The US has a tax rule specific to itself where by it taxes corps at 35% on
profit no matter which country it was earned it. It does let companies deduct
taxes paid to foreign governments but it leads to companies operating in a way
to minimize their US taxes.

From the article linked at the bottom[0]:

> Pfizer takes in about 40 percent of its revenue from sales in the United
> States and 60 percent from foreign sales. Yet, according to its 2014 annual
> report, Pfizer had about $17 billion in pretax income from overseas, and
> almost a $5 billion pretax loss here in the United States. By shifting
> profits overseas, Pfizer pays relatively low cash taxes compared with the
> nominal United States tax rate of 35 percent. Instead, much of its American
> tax liability is illusory, taking the form of an obligation to pay taxes in
> the future if it repatriates cash to the United States.

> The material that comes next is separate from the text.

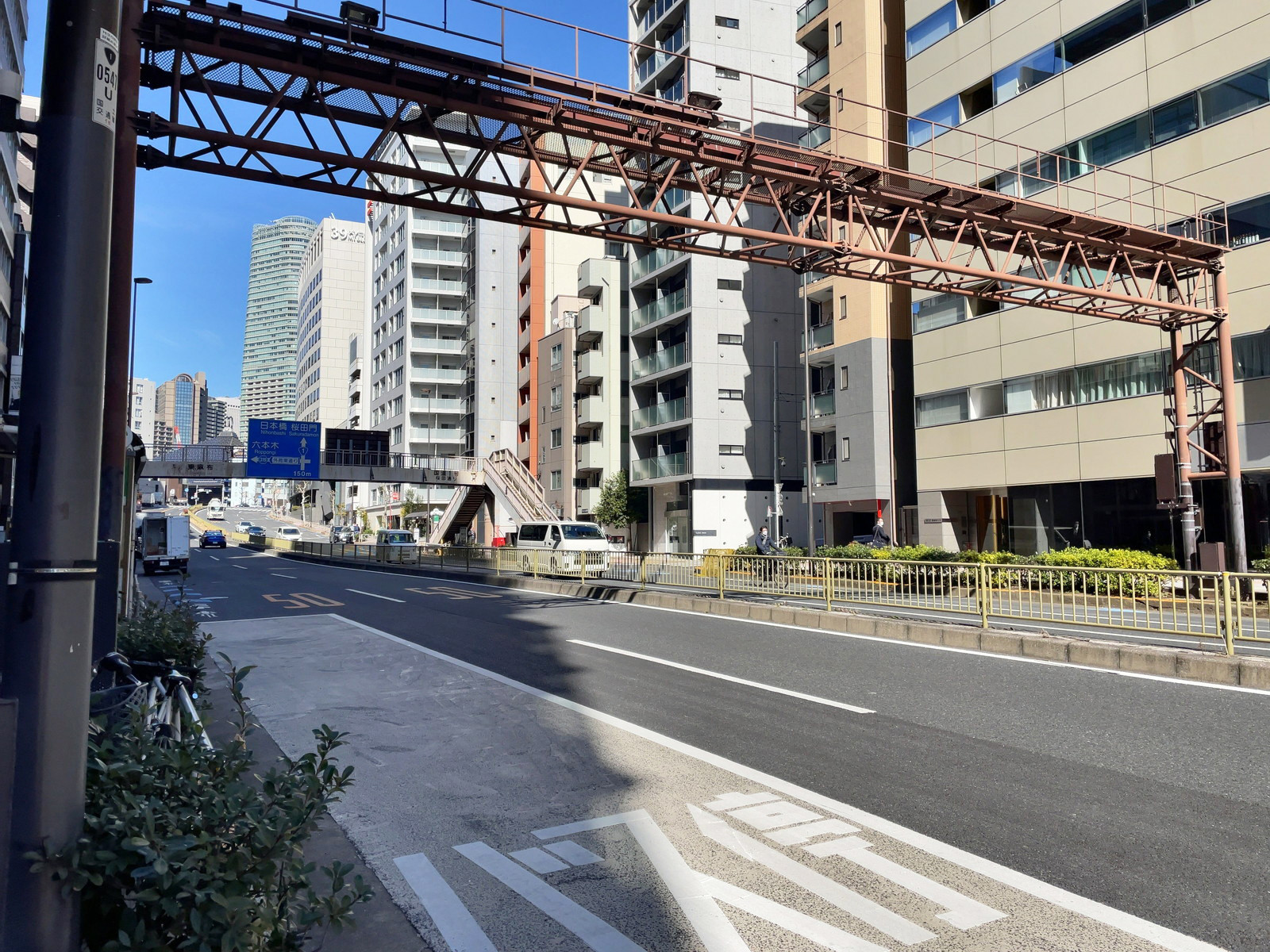ACN東麻布ビル前面の桜田通り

This leads to companies jumping through hoops to shift earnings income around
and to holding large chunks of cash off shore of the US.

This might be upsetting to some people who think corporations don't pay enough
taxes but it's not going to go away. The world isn't going to get more
protectionist, especially on the heals of TPP.

The US needs to deal with this.

[0][http://www.nytimes.com/2015/11/25/business/dealbook/why-
pfiz...](http://www.nytimes.com/2015/11/25/business/dealbook/why-pfizers-deal-
may-change-the-system-oftaxing-multinationals.html?_r=0)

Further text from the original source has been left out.